An hour after ordering, and we were starving, cold, and getting grumpier by the second. Birthday boy went to investigate. Surly waitress came to tell us, not how sorry she was for the wait, but that it was our fault for ordering the duck - it takes the longest (yet there is NO mention of this on the menu).

Finally, in dribs and drabs, the food started to arrive. The corn fed chicken was delicious, as were my Moules Mariniere (though the side order of crushed new potatoes with aioli was most definitely a form of instant mash potato). The duck was fine, if a little greasy. Sadly, Birthday boy's steak had a similar texture to old leather. It was cold, dry, and so tough that even the steak knife was making little headway.

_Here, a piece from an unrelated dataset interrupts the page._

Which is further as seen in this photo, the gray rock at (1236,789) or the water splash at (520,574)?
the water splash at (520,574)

He went to take it back, and the previously full restuarant appeared devoid of any staff. So he went into the kitchen to be met by a torrent of abuse from the authentic French chef.

By this point we had been there over an hour and a half, and my father had no food. Dreading another hour wait, he just picked off our plates, paid the bill (minus the discretionary service charge, and the fee for the untouched steak and chips) and we left.

The apology from Miss Surly was pathetic to say the least.

On return to the flat, we had lots of cups of tea, and a slice of delicious homemade coffee and walnut cake, and this seemed to successfully salvage any overhanging ill feeling.

My only advice is to avoid Le Pot Lyonnaise, unless you have buckets of time to spend in a freezing resutarant eating tough, dry and tasteless food. And if you do risk it, make sure you have a good homemade cake back at home.